Jacob's mother was waiting.
She sat in a high-backed leather chair, looking every inch the queen on a throne. Jacob stood beside her, his shoulders slumped, looking exhausted.
"Alexia," she said. Her voice was cold, impeccably polite. "We need to talk."
"I'm just here to sign the NDA release," I said flatly.
"We're dissolving the pre-nuptial agreement terms regarding the trust fund," she announced. "Given your... abandonment of the family."
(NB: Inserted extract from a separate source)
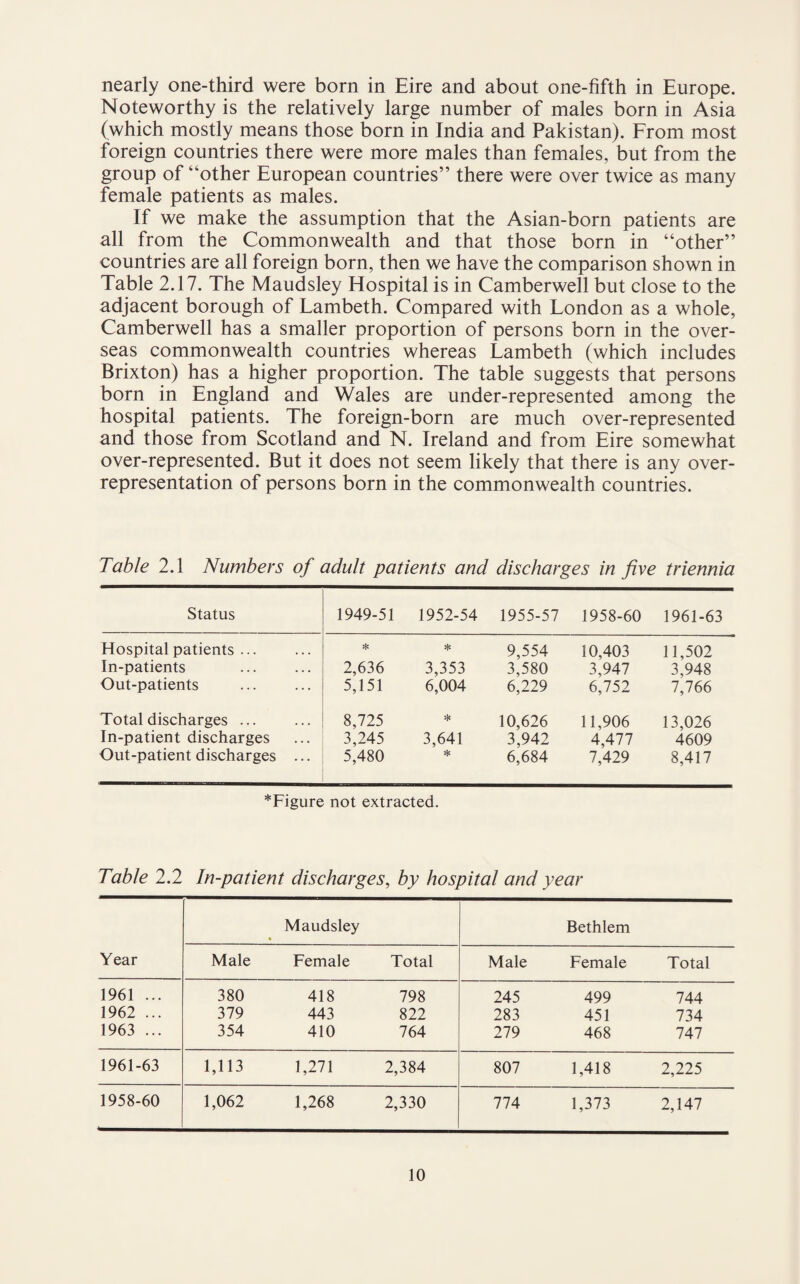 nearly one-third were born in Eire and about one-fifth in Europe. Noteworthy is the relatively large number of males born in Asia (which mostly means those born in India and Pakistan). From most foreign countries there were more males than females, but from the group of “other European countries” there were over twice as many female patients as males. If we make the assumption that the Asian-born patients are all from the Commonwealth and that those born in “other” countries are all foreign born, then we have the comparison shown in Table 2.17. The Maudsley Hospital is in Camberwell but close to the adjacent borough of Lambeth. Compared with London as a whole, Camberwell has a smaller proportion of persons born in the over¬ seas commonwealth countries whereas Lambeth (which includes Brixton) has a higher proportion. The table suggests that persons born in England and Wales are under-represented among the hospital patients. The foreign-born are much over-represented and those from Scotland and N. Ireland and from Eire somewhat over-represented. But it does not seem likely that there is any over¬ representation of persons born in the commonwealth countries. Table 2.1 Numbers of adult patients and discharges in five triennia Status 1949-51 1952-54 1955-57 1958-60 1961-63 Hospital patients ... * * 9,554 10,403 11,502 In-patients 2,636 3,353 3,580 3,947 3,948 Out-patients 5,151 6,004 6,229 6,752 7,766 Total discharges ... 8,725 * 10,626 11,906 13,026 In-patient discharges 3,245 3,641 3,942 4,477 4609 Out-patient discharges ... 5,480 * 6,684 7,429 8,417 *Figure not extracted. Table 2.2 In-patient discharges, by hospital and year Maudsley Bethlem Year Male Female Total Male Female Total 1961 ... 380 418 798 245 499 744 1962 ... 379 443 822 283 451 734 1963 ... 354 410 764 279 468 747 1961-63 1,113 1,271 2,384 807 1,418 2,225 1958-60 1,062 1,268 2,330 774 1,373 2,147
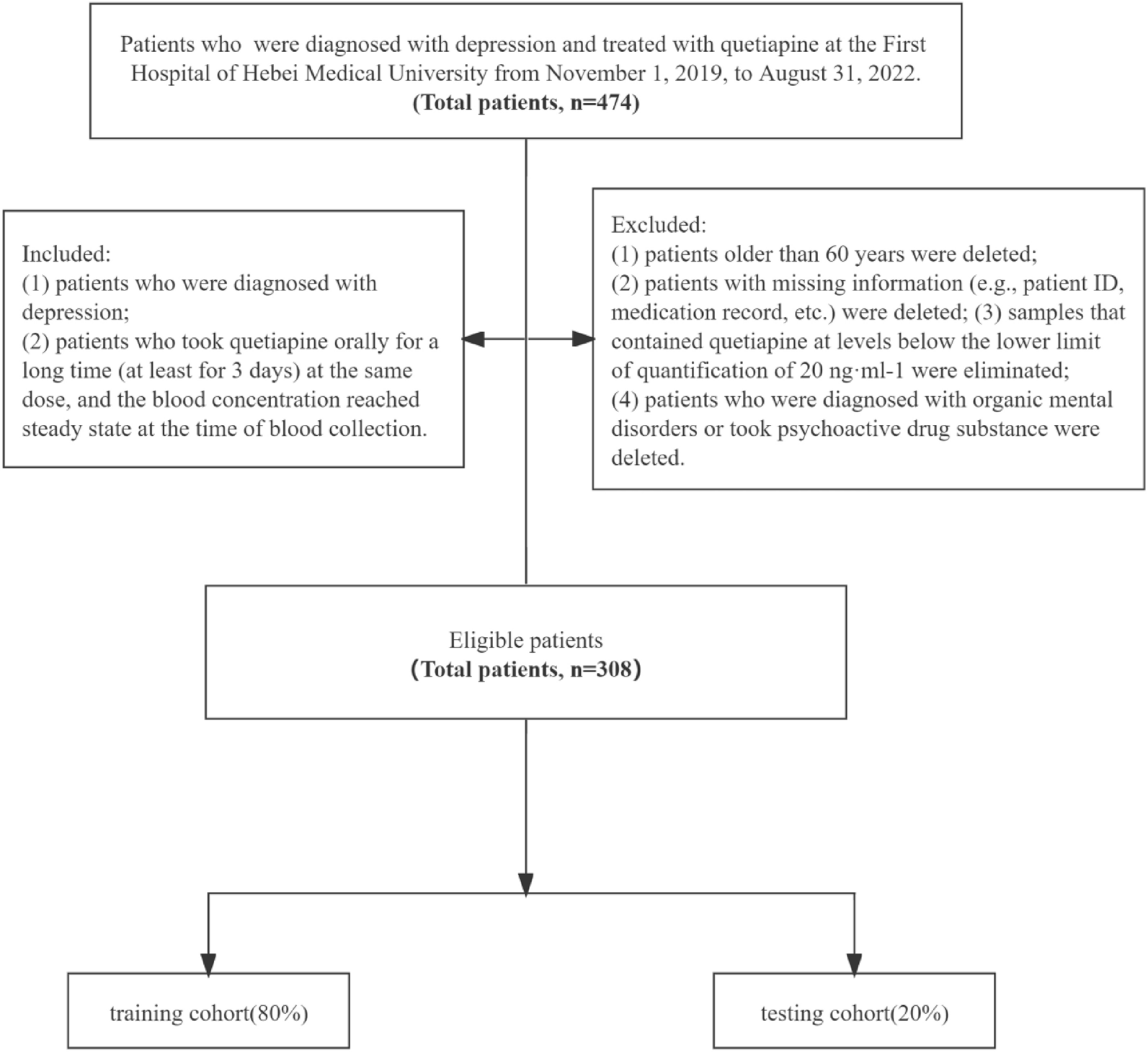 Predicting quetiapine dose in patients with depression using machine learning techniques based on real-world evidence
I looked at Jacob, incredulous. "Abandonment?"
He couldn't meet my eyes. He stared at the expensive carpet. "It's complicated, Alexia. With the IPO coming up... we need stability. Cassandra... she's going to be the face of the charity arm. It looks better if..."
"If I disappear," I finished for him.
"If we formalize the separation," he corrected weakly. "Cassandra fits the family image right now. She connects with the public."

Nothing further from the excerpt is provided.